*** PROVIDED DATA ***

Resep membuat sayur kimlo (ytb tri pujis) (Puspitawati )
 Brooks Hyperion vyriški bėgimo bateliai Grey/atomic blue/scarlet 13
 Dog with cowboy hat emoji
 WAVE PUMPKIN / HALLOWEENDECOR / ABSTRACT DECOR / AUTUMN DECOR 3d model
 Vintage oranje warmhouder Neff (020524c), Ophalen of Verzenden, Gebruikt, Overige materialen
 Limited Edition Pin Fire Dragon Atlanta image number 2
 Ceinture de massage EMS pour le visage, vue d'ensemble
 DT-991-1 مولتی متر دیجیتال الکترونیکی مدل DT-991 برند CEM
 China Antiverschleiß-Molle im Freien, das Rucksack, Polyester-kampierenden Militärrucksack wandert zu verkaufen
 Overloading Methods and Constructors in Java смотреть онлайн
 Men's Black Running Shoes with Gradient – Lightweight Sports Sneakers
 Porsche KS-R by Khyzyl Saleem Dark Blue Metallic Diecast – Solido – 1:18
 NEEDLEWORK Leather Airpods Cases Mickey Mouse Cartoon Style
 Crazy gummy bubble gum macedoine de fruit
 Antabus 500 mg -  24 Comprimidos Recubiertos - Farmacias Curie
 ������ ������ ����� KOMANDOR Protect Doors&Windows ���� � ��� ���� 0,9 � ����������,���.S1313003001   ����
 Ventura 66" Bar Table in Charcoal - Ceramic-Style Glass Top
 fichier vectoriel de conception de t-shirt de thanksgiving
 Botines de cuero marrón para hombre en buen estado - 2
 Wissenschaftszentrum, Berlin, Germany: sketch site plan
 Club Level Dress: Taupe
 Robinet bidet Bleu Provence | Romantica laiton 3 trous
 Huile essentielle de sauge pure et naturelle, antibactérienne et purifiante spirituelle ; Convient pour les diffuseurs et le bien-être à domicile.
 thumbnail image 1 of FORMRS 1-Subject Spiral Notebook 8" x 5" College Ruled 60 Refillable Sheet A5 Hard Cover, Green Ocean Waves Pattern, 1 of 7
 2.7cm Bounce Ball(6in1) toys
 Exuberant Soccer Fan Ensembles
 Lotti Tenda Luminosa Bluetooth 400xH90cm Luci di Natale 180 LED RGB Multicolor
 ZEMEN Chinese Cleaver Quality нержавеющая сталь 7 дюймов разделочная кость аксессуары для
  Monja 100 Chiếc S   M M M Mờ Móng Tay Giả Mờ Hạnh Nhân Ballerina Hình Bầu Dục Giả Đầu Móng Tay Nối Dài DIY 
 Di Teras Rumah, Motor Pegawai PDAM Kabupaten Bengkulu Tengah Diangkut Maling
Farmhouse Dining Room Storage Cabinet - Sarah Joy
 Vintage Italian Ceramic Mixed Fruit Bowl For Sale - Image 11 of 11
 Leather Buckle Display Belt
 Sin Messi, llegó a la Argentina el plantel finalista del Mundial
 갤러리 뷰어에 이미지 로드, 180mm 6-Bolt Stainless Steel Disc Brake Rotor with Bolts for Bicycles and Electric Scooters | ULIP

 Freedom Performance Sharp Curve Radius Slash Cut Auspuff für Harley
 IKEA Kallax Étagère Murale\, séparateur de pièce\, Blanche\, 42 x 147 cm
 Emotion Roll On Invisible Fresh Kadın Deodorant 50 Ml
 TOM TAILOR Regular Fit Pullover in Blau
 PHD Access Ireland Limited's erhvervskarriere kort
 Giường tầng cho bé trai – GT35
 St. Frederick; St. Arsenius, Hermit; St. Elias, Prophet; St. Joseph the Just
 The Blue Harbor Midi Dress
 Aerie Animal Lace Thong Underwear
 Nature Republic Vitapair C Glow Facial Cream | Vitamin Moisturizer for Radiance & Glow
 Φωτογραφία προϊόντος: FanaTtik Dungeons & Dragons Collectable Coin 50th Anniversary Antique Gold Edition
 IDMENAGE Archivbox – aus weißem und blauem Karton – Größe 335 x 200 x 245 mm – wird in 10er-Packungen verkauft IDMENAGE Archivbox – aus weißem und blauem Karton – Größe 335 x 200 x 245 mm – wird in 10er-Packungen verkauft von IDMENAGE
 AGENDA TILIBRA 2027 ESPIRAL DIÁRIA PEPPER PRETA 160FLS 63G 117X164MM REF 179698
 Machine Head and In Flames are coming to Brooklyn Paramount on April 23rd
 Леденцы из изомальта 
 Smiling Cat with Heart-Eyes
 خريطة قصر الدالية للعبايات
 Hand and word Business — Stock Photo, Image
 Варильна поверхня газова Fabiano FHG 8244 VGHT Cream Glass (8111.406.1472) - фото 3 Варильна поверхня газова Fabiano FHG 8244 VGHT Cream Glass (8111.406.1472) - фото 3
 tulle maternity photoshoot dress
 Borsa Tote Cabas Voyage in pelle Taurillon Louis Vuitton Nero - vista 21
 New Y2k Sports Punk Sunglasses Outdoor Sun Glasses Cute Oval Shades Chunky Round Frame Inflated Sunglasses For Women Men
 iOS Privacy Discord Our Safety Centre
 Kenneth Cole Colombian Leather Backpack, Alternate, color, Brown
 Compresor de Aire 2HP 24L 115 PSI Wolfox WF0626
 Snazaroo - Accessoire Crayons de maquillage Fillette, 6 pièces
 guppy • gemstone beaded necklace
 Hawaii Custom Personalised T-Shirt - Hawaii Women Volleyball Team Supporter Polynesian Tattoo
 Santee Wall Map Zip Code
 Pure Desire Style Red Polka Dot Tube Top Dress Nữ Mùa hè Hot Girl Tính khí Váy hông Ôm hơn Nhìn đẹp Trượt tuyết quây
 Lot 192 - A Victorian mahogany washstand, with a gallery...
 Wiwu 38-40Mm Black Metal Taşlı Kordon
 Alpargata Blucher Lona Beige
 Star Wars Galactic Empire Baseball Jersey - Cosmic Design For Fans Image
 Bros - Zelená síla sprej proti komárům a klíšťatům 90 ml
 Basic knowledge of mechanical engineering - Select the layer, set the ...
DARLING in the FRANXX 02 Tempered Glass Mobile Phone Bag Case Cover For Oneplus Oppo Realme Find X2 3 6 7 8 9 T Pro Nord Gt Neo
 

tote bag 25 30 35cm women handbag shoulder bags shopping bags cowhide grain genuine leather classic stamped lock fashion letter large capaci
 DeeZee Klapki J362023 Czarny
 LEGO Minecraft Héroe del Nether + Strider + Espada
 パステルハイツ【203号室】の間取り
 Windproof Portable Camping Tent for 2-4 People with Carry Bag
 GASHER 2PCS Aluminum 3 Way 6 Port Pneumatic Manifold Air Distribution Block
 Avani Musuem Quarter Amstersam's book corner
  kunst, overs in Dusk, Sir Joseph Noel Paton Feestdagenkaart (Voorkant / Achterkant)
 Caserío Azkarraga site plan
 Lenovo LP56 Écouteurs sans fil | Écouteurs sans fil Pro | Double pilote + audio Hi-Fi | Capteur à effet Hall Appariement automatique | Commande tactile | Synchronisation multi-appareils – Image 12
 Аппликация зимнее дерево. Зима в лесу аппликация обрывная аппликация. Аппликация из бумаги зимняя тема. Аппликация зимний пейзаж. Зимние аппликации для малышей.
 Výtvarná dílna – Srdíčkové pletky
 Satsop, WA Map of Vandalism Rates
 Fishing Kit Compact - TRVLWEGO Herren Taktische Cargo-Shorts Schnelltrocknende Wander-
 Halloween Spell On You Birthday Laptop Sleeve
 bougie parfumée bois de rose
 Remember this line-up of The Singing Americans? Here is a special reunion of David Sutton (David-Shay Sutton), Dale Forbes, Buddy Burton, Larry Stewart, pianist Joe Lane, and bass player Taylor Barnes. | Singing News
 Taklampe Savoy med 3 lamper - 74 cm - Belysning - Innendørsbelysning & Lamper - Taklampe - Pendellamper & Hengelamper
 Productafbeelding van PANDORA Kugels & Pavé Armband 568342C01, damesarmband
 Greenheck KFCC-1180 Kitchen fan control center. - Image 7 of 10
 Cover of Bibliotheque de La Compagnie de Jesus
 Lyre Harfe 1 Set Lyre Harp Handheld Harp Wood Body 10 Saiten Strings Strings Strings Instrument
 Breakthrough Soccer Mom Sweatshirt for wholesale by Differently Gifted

***

WORK INSTRUCTION >> Give back, exactly as written, the stretch from the line with "China Antiverschleiß-Molle im" through the line with "Freedom Performance Sharp", and no other lines from the records above.

RESULT OF THE TASK >>
 China Antiverschleiß-Molle im Freien, das Rucksack, Polyester-kampierenden Militärrucksack wandert zu verkaufen
 Overloading Methods and Constructors in Java смотреть онлайн
 Men's Black Running Shoes with Gradient – Lightweight Sports Sneakers
 Porsche KS-R by Khyzyl Saleem Dark Blue Metallic Diecast – Solido – 1:18
 NEEDLEWORK Leather Airpods Cases Mickey Mouse Cartoon Style
 Crazy gummy bubble gum macedoine de fruit
 Antabus 500 mg -  24 Comprimidos Recubiertos - Farmacias Curie
 ������ ������ ����� KOMANDOR Protect Doors&Windows ���� � ��� ���� 0,9 � ����������,���.S1313003001   ����
 Ventura 66" Bar Table in Charcoal - Ceramic-Style Glass Top
 fichier vectoriel de conception de t-shirt de thanksgiving
 Botines de cuero marrón para hombre en buen estado - 2
 Wissenschaftszentrum, Berlin, Germany: sketch site plan
 Club Level Dress: Taupe
 Robinet bidet Bleu Provence | Romantica laiton 3 trous
 Huile essentielle de sauge pure et naturelle, antibactérienne et purifiante spirituelle ; Convient pour les diffuseurs et le bien-être à domicile.
 thumbnail image 1 of FORMRS 1-Subject Spiral Notebook 8" x 5" College Ruled 60 Refillable Sheet A5 Hard Cover, Green Ocean Waves Pattern, 1 of 7
 2.7cm Bounce Ball(6in1) toys
 Exuberant Soccer Fan Ensembles
 Lotti Tenda Luminosa Bluetooth 400xH90cm Luci di Natale 180 LED RGB Multicolor
 ZEMEN Chinese Cleaver Quality нержавеющая сталь 7 дюймов разделочная кость аксессуары для
  Monja 100 Chiếc S   M M M Mờ Móng Tay Giả Mờ Hạnh Nhân Ballerina Hình Bầu Dục Giả Đầu Móng Tay Nối Dài DIY 
 Di Teras Rumah, Motor Pegawai PDAM Kabupaten Bengkulu Tengah Diangkut Maling
Farmhouse Dining Room Storage Cabinet - Sarah Joy
 Vintage Italian Ceramic Mixed Fruit Bowl For Sale - Image 11 of 11
 Leather Buckle Display Belt
 Sin Messi, llegó a la Argentina el plantel finalista del Mundial
 갤러리 뷰어에 이미지 로드, 180mm 6-Bolt Stainless Steel Disc Brake Rotor with Bolts for Bicycles and Electric Scooters | ULIP

 Freedom Performance Sharp Curve Radius Slash Cut Auspuff für Harley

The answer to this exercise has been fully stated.